The probability density at x is defined as the function, we’re going to call it little f of x, such that the probability distribution big F of a, which is the probability of x being less than or equal to a, is the integral of all values up to a of little f of x dx.

dnorm() is the probability density function for the normal distribution:

# the probability that a person is higher than 76 inch
avg <- mean(x)
s <- sd(x)
1 - pnorm(76, avg, s)

## [1] 0.03206008

dnorm(76, mean(x), sd(x))

## [1] 0.01990735

Monte Carlo simulations for continuous variables

R provides functions to generate normally distributed outcomes. Specifically, the rnorm function takes three arguments: size, average (defaults to 0), and standard deviation (defaults to 1) and produces random numbers.
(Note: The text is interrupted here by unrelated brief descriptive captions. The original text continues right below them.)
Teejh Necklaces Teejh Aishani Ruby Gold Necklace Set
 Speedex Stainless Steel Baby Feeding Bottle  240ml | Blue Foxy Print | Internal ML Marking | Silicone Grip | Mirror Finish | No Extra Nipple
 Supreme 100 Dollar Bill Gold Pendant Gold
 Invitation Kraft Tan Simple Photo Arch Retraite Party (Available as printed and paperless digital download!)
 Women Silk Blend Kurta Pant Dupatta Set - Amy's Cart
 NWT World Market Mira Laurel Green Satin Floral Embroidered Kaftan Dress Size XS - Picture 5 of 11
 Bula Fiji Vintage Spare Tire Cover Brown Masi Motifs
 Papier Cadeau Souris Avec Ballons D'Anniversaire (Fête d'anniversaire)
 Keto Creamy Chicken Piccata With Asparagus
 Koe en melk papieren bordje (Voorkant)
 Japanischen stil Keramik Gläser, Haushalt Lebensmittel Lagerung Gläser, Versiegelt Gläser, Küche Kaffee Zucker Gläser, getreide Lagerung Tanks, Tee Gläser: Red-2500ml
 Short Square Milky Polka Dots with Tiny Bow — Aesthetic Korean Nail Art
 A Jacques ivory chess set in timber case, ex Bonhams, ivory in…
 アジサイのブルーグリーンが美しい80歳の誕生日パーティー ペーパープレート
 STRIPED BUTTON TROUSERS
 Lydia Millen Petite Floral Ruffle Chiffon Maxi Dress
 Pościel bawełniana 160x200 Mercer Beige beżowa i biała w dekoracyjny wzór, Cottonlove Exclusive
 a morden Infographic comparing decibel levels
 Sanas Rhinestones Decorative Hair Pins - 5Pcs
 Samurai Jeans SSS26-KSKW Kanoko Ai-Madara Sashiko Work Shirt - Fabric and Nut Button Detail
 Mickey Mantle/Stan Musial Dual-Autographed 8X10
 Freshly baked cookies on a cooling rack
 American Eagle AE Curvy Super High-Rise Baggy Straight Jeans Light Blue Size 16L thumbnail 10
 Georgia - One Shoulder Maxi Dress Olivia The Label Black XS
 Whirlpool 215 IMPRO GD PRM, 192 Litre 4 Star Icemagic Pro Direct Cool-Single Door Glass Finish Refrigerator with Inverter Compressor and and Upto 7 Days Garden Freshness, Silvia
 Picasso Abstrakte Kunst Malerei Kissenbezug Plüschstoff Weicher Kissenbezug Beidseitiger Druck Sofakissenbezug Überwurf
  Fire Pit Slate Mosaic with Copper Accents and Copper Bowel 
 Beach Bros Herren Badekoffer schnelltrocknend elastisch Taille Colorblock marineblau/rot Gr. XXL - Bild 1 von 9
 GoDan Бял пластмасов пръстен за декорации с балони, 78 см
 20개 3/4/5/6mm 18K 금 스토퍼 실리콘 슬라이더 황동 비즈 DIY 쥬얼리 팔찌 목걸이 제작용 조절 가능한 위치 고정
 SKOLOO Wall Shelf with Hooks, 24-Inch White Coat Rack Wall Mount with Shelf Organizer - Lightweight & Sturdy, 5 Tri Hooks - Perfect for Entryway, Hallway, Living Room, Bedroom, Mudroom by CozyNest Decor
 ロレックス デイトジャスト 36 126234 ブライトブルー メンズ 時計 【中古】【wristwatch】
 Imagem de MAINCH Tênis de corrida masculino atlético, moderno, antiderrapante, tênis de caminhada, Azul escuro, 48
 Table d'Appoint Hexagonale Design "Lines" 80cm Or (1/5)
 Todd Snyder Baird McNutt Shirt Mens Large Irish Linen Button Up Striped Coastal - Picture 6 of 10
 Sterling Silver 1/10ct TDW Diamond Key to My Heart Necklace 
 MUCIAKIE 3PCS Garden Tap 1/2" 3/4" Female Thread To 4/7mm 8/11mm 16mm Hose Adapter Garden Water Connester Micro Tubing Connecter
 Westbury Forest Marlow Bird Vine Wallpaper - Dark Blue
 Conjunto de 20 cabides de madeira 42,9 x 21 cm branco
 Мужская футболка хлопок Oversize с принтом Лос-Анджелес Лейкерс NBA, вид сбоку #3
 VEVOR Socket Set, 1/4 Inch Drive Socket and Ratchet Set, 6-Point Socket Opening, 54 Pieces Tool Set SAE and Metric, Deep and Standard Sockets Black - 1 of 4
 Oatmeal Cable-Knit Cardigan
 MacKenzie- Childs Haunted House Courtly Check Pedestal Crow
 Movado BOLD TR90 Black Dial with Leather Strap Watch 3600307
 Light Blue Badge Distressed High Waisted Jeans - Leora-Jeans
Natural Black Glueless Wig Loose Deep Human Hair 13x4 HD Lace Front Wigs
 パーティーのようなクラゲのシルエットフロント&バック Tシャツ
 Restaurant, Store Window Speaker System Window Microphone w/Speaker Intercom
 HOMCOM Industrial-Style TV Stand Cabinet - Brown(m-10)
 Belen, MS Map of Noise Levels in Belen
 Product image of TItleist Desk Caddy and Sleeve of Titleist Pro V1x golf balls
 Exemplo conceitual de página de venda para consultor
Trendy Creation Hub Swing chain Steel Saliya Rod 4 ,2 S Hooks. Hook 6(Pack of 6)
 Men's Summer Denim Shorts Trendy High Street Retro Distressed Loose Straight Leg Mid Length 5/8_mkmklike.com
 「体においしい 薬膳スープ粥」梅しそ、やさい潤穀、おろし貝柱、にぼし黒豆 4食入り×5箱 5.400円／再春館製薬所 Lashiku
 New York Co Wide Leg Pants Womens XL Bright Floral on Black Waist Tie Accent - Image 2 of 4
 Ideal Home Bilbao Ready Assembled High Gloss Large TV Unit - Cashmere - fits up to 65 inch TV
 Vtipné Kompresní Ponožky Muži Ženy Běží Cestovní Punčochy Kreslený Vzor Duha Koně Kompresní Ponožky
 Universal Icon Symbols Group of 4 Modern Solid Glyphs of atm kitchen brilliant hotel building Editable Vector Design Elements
Here is an example of how we could generate data that looks like our reported heights:

x <- heights %>% filter(sex=="Male") %>% .$height
n <- length(x)
m <- mean(x)
s <- sd(x)
simulated_heights <- rnorm(n, m, s)

ds_theme_set()
data.frame(simulated_heights) %>% ggplot(aes(simulated_heights)) + geom_histogram(color='black', fill='#595959', binwidth=2)

This is one of the most useful functions in R as it will permit us to generate data that mimics natural events and answers questions related to what could happen by chance by running Monte Carlo simulations.

If, for example, we pick 800 males at random, what is the distribution of the tallest person? How rare is a seven footer in a group of 800 males? The following Monte Carlo simulation helps us answer that question:

B <- 10000
tallest <- replicate(B, {
  simulated_data <- rnorm(800, m, s)
  max(simulated_data)
})

#Having a seven footer is quite rare:

mean(tallest >= 7*12)

## [1] 0.0214

#Here is the resulting distribution, note that it does not look normal.
ds_theme_set()
data.frame(tallest) %>% ggplot(aes(tallest)) + geom_histogram(color='black', fill='#595959', binwidth=1)

Other Continuous Distributions

Other continuous distributions that we may encounter are the student-t, chi-squared, exponential, gamma, beta, and beta-binomial. R provides functions to compute the density, the quantiles, the cumulative distribution functions and to generate Monte Carlo simulations. R uses a convention that lets us remember the names, namely using the letters d, q, p and r in front of a shorthand for the distribution. We have already seen the functions dnorm, pnorm and rnorm for the normal distribution. The functions qnorm gives us the quantiles. We can therefore draw a distribution like this:

x <- seq(-4, 4, length.out = 100)
data.frame(x, f = dnorm(x)) %>% 
  ggplot(aes(x, f)) + 
  geom_line()

For example, for the student-t, described later in Section 17.10, the shorthand t is used so the functions are dt for the density, qt for the quantiles, pt for the cumulative distribution function, and rt for Monte Carlo simulation.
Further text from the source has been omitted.